View Full Version : Revolutionary conquest
Eleftherios
8th June 2007, 00:25
Do any of you think that socialism can spread to another country through war and can a country impose socialism on another country that was invaded? I am interested in reading your responses.
Rawthentic
8th June 2007, 01:02
I've never heard of this happening before. I mean, you had the Red Army that invaded many places, but they were an imperialist force, not a revolutionary proletarian one.
I suppose if there is a successful proletarian revolution somewhere, and there is an ongoing one, that the successful proletarians could "invade" the country with the ongoing civil war and help the proletariat win.
NorthStarRepublicML
8th June 2007, 06:30
"Though not in substance, yet in form, the struggle of the
proletariat with the bourgeoisie is at first a national struggle.
The proletariat of each country must, of course, first of all settle
matters with its own bourgeoisie."
-Karl Marx and Freidrich Engels
the quote from my sig is pretty much how i feel about this issue,
a struggle is needed within each particular geopraphic area (country) and while this struggle could recieve aid from external socialists they should not be the primary movers of revolution, as revolution must come from the people themselves and not from outside actors imposing their views (often diffrent) of socialism upon the locals ....
Eleftherios
11th June 2007, 21:03
I think that socialism can be able to spread to another country through conquest. Think of the early days of the Bolshevik regime in Russia or the French Revolutionary Wars. I believe Lenin opposed the continuation of the war with Germany only on the grounds that Russia was simply unable to continue the war, not in principle
bolshevik butcher
11th June 2007, 21:19
Socialism cannot be imposed on any country. The emancipation of the working class is a task for the working class and that means each national working class in practise. Of course international solidarity can be provided but this does not take the form of some sort of socialist empire.
I'd debate weather as a deformed workers state the USSR was "imperialist" as such but thats another debate.
Nothing Human Is Alien
11th June 2007, 21:51
No, genuine socialism cannot be imposed from without, but the liberation of a country from fascism (e.g. the Red Army in Poland, East Germany, etc.) or military assistance in fighting armed counterrevolution (e.g. the Red Army in Afghanistan in the 80's, Cubans in Angola, etc.) by a socialist country can help overturn property relations, or at least open the way for them to be overturned.
Janus
11th June 2007, 23:41
Do any of you think that socialism can spread to another country through war and can a country impose socialism on another country that was invaded?
No, the central tenets of socialism is worker's self-democracy and self-management; something which can't be imposed by an outside group.
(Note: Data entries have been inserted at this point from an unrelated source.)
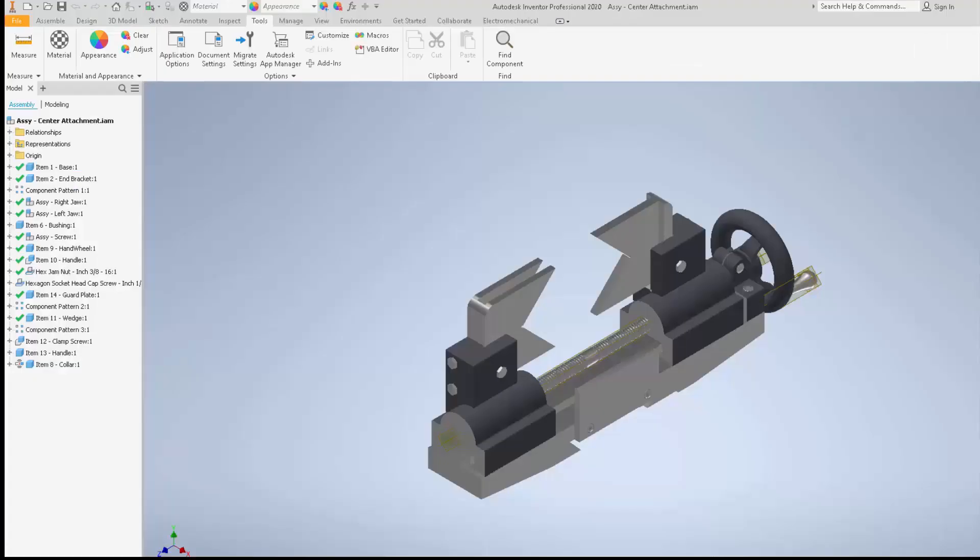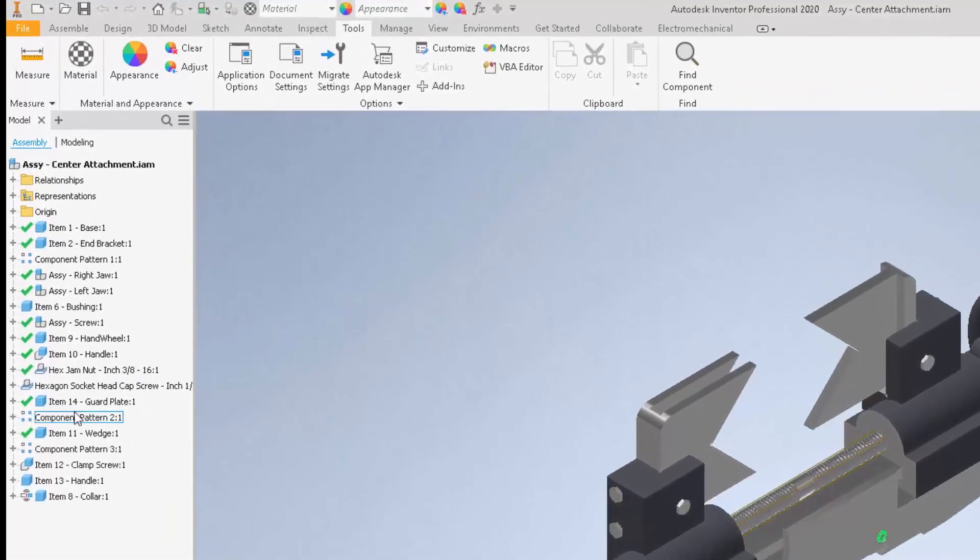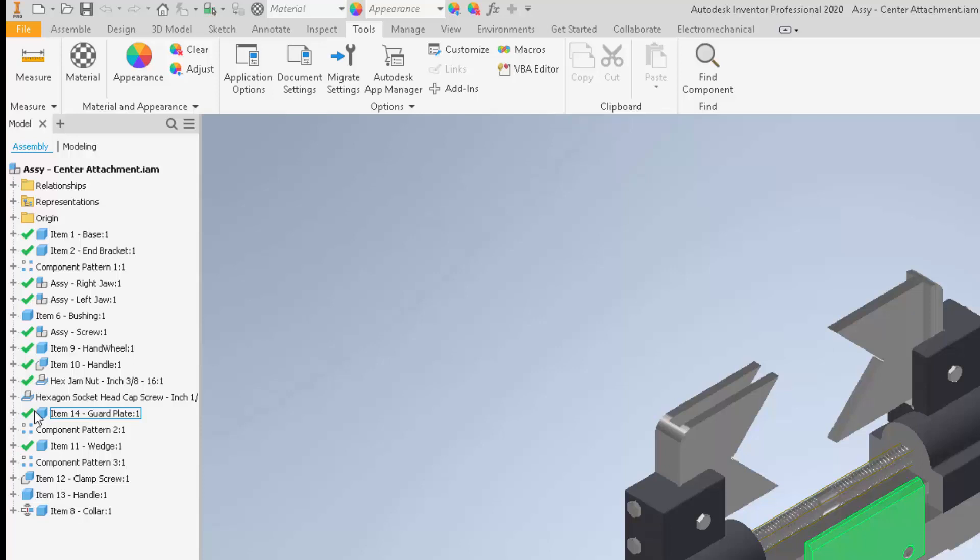As you can see in my model, there are green check marks next to each component that is fully constrained in my assembly. That's all this app does—something simple and free, but very useful in my opinion.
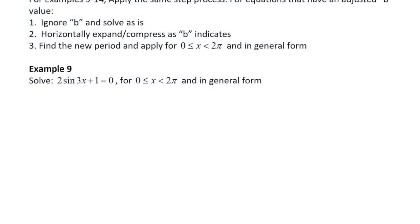Hi everyone, welcome to Solving for Trig Equations Part 2. We're going to look at some additional examples that we didn't get a chance to look at from last class.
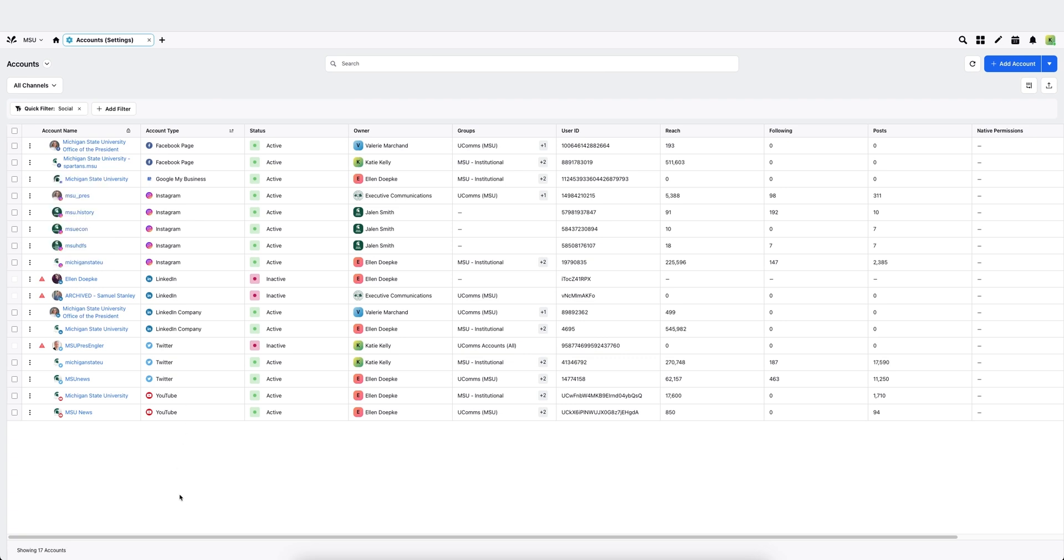If you wish to disconnect an account from the system, hover, click deactivate.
In the past, we've seen nations impose their own forms of socialism on other nations though they usually had their own interests in mind.
Wanted Man
12th June 2007, 00:20
Originally posted by Compań
[email protected] 11, 2007 09:51 pm
No, genuine socialism cannot be imposed from without, but the liberation of a country from fascism (e.g. the Red Army in Poland, East Germany, etc.) or military assistance in fighting armed counterrevolution (e.g. the Red Army in Afghanistan in the 80's, Cubans in Angola, etc.) by a socialist country can help overturn property relations, or at least open the way for them to be overturned.
Agreed. In those countries, any kind of workers' movement had been crushed by nationalism, fascist conquest, and western Allied intervention. The defeat of fascism at the hands of the USSR(for the most part) presented a perfect opportunity to reconstruct it without the threat of fascist repression.
And of course, in Afghanistan and Angola, the new gains were under direct threat from imperialist forces and/or their proxies.